Over Dominic’s shoulder, I see the doors open and Maya and Chelsea come through—they probably have some sort of sisterly rescue plan in mind. Their eyes go straight to us and their jaws drop in unison. I smile and give my focus back to Dominic.
“I really fucking love you,” I say. “And I thought I died last week. I’ve never known such pain. I shriveled up into this tiny little cold thing and you have a long way to go before I forgive you.”
“But you’ll come with me?”
“What about money? A job? How do you even make money off a travel blog?” But my mind is already connecting the dots. I might be able to make a living as a writer. Traveling the world with the man I love the most. I glance over his shoulder and see my sisters, huddled together, smiling bigger than I’ve ever seen them smile.
“You write like you were meant for this. And I have connections. And sometimes we’ll have to rough it, but sometimes that’s the best part of the job.”
I study him. Can I do this? Can I give up my apartment and my family to travel with this man? Can I set sail on a wish and a dream? Everything inside me is saying yes.
“You want me to leave my hometown? My family? A job that pays the bills? And you want me to travel with you? Write about what we see and hope we make enough money to survive?”
He nods. “Yep. I want all of that. And I want one more thing.”
I sense my sisters edging closer. “What else do you want?”
“You. I want all of you. I want you to be mine. Forever.” Dominic holds out his hand and somehow, out of nowhere, there’s a ring pinched between his fingers, a diamond glinting in the overhead lights of the bars. “I’ve met a lot of people in a lot of different places and never in all my years have I met someone who makes me feel like you do. We aren’t just cut from the same cloth, we’re heading in the same direction and I would be a fool to let a jewel like you slip through my fingers because I’m scared of what would happen if I lost you.”
I’m staring at the ring. Mouth open. The whole bar wavers as if I’m underwater as tears well up in my eyes.
Dominic gets down on one knee. “Will you marry me, Dakota? Will you be the one to love me and set me free?”
“This is crazy,” I whisper and glance from his hopeful face to where Maya and Chelsea have come up near the bar. They’re grinning like idiots and I realize that I am, too. I look back at Dominic without saying a word.
“You’re killing me here,” he says with a pained expression.
I laugh and the tears fall. “Yes. Yes, I’ll marry you.”
My sisters squeal as Dominic slides the ring onto my finger. He swoops me up in a giant hug and swings me around while everyone cheers and claps. “Were you able to get everything ready?” he asks Maya and Chelsea. I turn to him in confusion.
“Yep,” says Maya.
“It’s all out in the car.” Chelsea grins at me with her biggest older sister smile.
“What’s going on?” I ask.
“You didn’t make it to Vegas last time. I thought you’d want to go.” Dominic smiles at me, that wide, swoon-worthy smile that makes me shiver.
“Now?”
“Yep. Want to get married?”
“In Vegas?” I’m smiling. “Now?”
“As soon as we get there.”
“This is crazy.” I look at my sisters who are beaming at me. And then I look at Dominic and my heart melts and my soul starts flying.

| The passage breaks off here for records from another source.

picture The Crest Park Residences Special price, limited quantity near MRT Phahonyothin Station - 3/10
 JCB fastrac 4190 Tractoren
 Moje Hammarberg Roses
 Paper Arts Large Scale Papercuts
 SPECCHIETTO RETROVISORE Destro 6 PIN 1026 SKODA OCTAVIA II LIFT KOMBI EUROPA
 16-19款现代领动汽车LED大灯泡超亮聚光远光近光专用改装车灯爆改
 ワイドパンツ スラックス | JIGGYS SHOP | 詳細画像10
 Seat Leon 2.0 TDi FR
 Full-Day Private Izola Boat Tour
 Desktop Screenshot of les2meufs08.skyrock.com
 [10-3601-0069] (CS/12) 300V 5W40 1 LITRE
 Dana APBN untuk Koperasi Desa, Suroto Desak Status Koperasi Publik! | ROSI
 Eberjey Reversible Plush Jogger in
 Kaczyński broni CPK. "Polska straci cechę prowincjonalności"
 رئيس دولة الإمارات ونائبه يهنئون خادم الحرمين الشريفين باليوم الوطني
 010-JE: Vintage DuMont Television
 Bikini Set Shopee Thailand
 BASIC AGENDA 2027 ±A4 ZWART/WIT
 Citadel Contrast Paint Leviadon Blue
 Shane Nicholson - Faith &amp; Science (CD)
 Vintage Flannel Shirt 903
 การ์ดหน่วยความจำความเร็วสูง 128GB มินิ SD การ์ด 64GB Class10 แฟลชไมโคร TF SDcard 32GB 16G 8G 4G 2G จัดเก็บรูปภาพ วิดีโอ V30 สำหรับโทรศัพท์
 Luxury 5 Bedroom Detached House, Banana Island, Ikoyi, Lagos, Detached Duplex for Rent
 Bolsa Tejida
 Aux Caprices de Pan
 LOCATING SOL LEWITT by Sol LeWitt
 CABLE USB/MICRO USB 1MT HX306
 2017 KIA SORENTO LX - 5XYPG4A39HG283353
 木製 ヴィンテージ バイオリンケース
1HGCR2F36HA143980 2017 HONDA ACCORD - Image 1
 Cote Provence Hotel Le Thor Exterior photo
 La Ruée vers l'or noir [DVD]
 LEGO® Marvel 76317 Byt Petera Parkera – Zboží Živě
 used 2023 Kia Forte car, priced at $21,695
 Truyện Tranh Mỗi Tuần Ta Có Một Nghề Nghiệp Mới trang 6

“So is that a yes?” The look on his face tells me that he knows it is.
“Take me to Vegas, baby.”
I holler at Big Jake. Tell him I quit. He just shrugs and lumbers his big ass behind the bar and starts taking orders. I hug my sisters and can’t decide if I want to thank them for keeping it a secret or yell at them. In the end, I just squeeze them tight.
“Is this right?” I ask them as we huddle in our London sister clump.
“Do you even have to ask?” Chelsea smiles down at me.
I smile and shrug. “I just need to hear you say it.”
“I’ve never seen anything more right in the world. Go. Be with the man you love. Marry him and live your crazy life.”
Maya’s nodding her agreement, tears sliding down her cheeks. I hug them both one last time before tucking myself back into Dominic’s arms. He leads me outside where there’s a car waiting with our bags packed and filling the trunk. He kisses me, slow and sweet, filled with need and longing.
“Thanks for being my happily ever after,” he whispers and kisses my forehead.
I look up at him, my heart swollen with a love so strong it hurts. “Thank you for being my everything.”